━━ Working data

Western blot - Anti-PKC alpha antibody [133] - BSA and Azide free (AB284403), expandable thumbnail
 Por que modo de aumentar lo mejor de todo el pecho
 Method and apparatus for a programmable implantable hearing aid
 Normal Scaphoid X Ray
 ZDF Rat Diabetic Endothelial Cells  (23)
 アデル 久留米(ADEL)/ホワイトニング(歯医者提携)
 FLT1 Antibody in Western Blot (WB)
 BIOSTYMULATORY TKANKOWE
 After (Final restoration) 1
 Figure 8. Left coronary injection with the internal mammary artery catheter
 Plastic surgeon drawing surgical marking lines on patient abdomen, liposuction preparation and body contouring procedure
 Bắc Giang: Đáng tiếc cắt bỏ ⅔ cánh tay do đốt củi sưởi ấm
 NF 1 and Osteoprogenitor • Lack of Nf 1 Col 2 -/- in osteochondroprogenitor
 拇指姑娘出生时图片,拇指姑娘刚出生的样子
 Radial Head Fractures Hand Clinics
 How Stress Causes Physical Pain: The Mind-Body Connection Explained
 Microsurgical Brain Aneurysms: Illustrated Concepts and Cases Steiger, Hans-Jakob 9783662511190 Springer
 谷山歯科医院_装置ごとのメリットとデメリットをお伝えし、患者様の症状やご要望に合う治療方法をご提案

━━━━

Reprint the entries above in full, exactly as they are.

Western blot - Anti-PKC alpha antibody [133] - BSA and Azide free (AB284403), expandable thumbnail
 Por que modo de aumentar lo mejor de todo el pecho
 Method and apparatus for a programmable implantable hearing aid
 Normal Scaphoid X Ray
 ZDF Rat Diabetic Endothelial Cells  (23)
 アデル 久留米(ADEL)/ホワイトニング(歯医者提携)
 FLT1 Antibody in Western Blot (WB)
 BIOSTYMULATORY TKANKOWE
 After (Final restoration) 1
 Figure 8. Left coronary injection with the internal mammary artery catheter
 Plastic surgeon drawing surgical marking lines on patient abdomen, liposuction preparation and body contouring procedure
 Bắc Giang: Đáng tiếc cắt bỏ ⅔ cánh tay do đốt củi sưởi ấm
 NF 1 and Osteoprogenitor • Lack of Nf 1 Col 2 -/- in osteochondroprogenitor
 拇指姑娘出生时图片,拇指姑娘刚出生的样子
 Radial Head Fractures Hand Clinics
 How Stress Causes Physical Pain: The Mind-Body Connection Explained
 Microsurgical Brain Aneurysms: Illustrated Concepts and Cases Steiger, Hans-Jakob 9783662511190 Springer
 谷山歯科医院_装置ごとのメリットとデメリットをお伝えし、患者様の症状やご要望に合う治療方法をご提案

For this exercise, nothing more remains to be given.